New Delhi, Sep 10 :
The Cabinet Committee on Economic Affairs (CCEA) Wednesday approved the disinvestment of 5 percent paid-up equity in hydrocarbons producer ONGC out of the government’s shareholding of 68.94 percent.
“This would further broad base the shareholding of the company and would enhance disinvestment receipts.

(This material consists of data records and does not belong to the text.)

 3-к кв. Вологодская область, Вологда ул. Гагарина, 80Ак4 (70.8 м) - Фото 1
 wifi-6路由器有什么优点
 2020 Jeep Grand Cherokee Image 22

After this disinvestment, the government of India’s shareholding in the company would come down to 63.94 percent,” a CCEA release said.
Presenting ONGC’s annual report for 2013-14 last month, ONGC chairman D.K. Sarraf said that with the buoyancy in international crude prices and the strengthening of the company’s US dollar-denominated revenues expected to continue, there is substantive near-term growth potential in earnings.

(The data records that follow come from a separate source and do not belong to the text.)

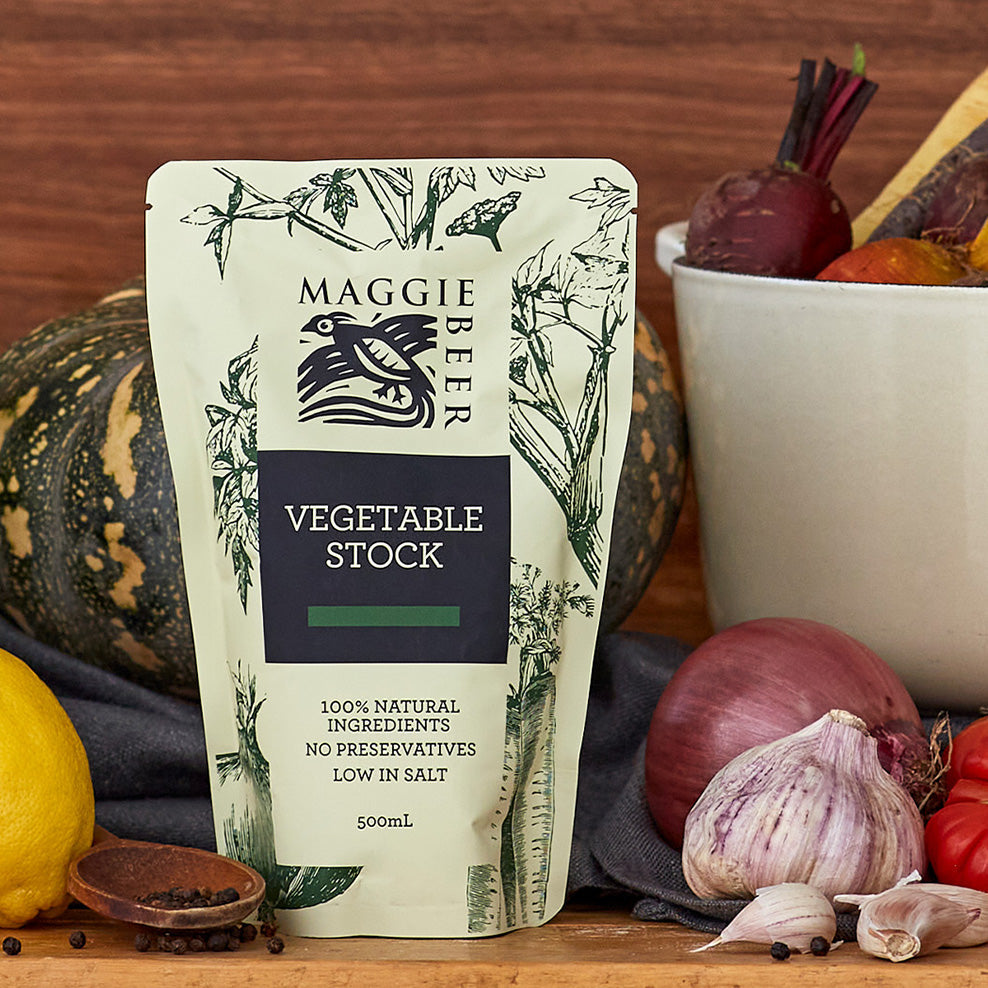 Maggie Beer Vegetable Stock 500ml
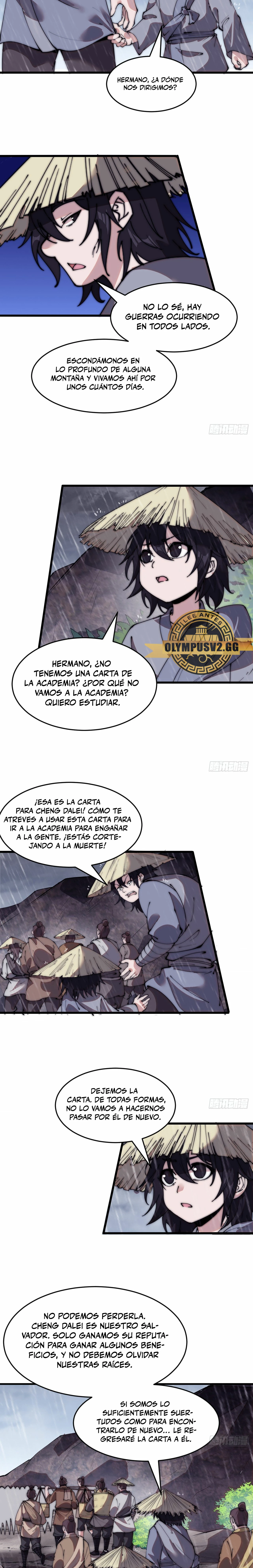 Comienza con una montaña > Capitulo 541 > Page 31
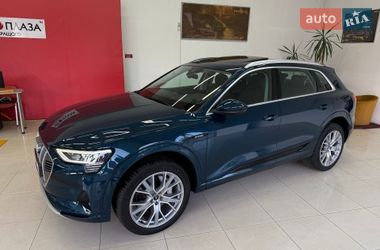 Внедорожник / Кроссовер Audi e-tron 2020 в Черновцах
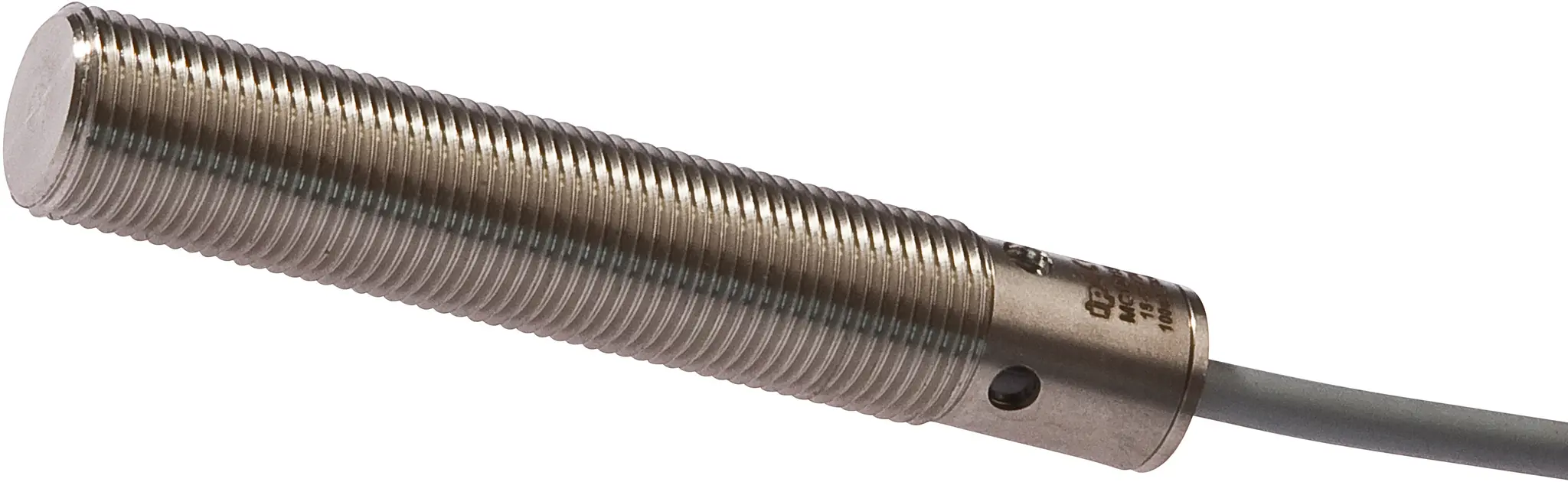 Produktfoto 1 von ipf Electronic MC120157, Sensor Magnetisch, Ganzstahl, M12x1 69lang, Sn: 40mm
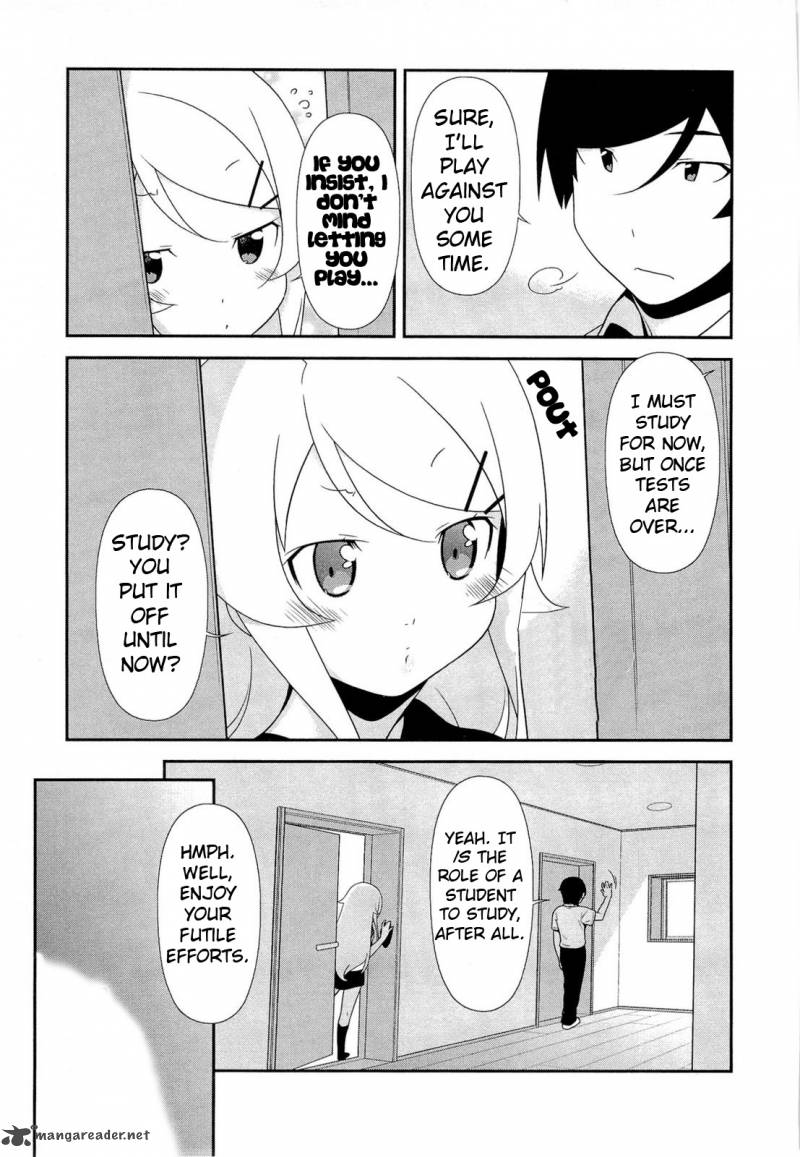 Read My Little Sister Cant Be This Cute Chapter 18 - MangaFreak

In 2013-14, ONGC registered its highest-ever revenue at Rs.842.01 billion, a growth of 1.1 percent from Rs.832.9 billion in the previous fiscal.

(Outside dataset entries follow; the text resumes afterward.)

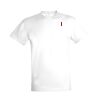 SOLS Regent Unisex Embroidered T-Shirt Thumbnail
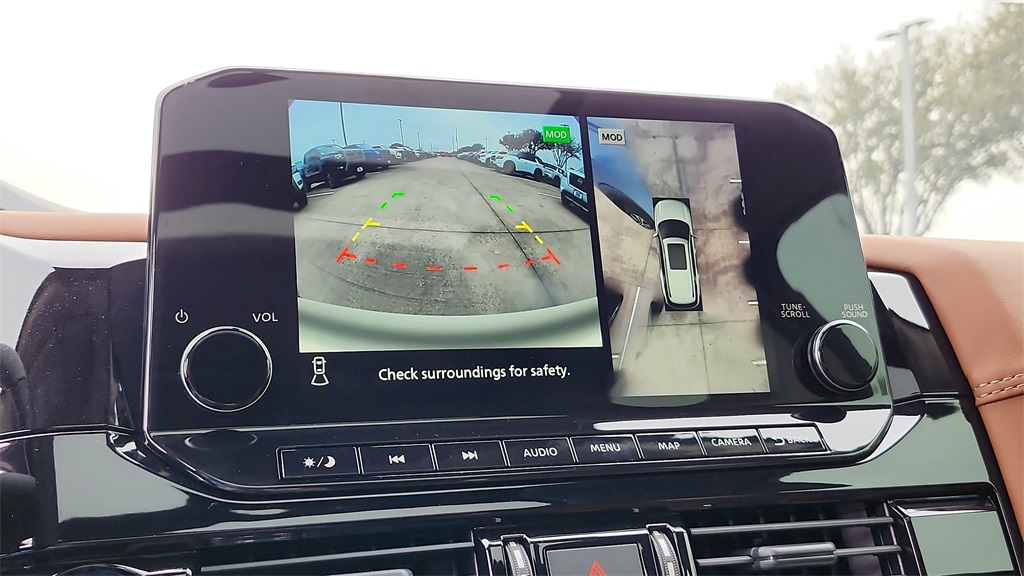 2025 Nissan Pathfinder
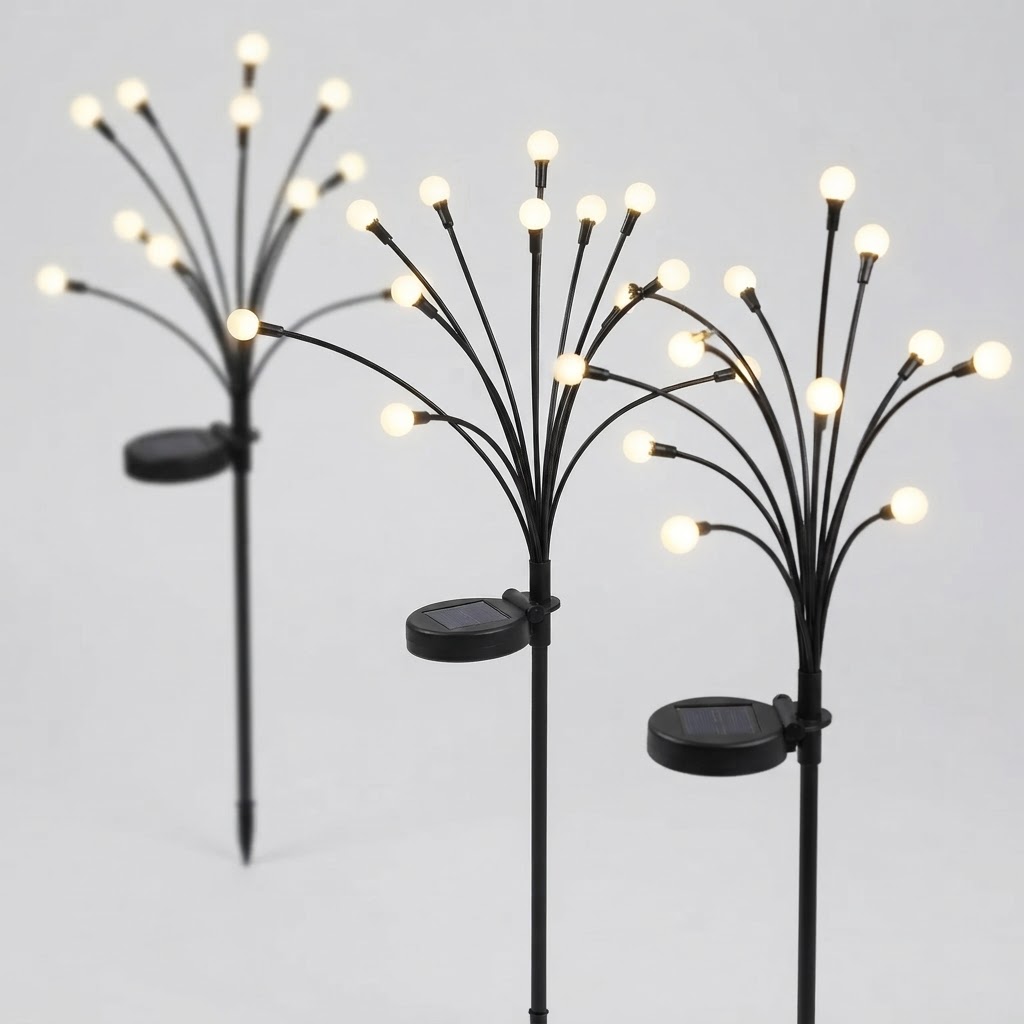 Why Solar Powered Lighting is Ideal for Summer Decor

The company also posted a higher profit after tax of Rs.220.95 billion, up 5.6 percent from fiscal 2013, after sharing the highest ever under-recovery, or losses on selling below cost, of Rs.563.84 billion.
“With more remunerative pricing of our natural gas and with subsidy rationalisation, significant value remains to be unlocked for your trusted shareholdings,” Sarraf said in the annual report.
The company has proposed a dividend payment of 190 percent with payout ratio of 43.04 percent.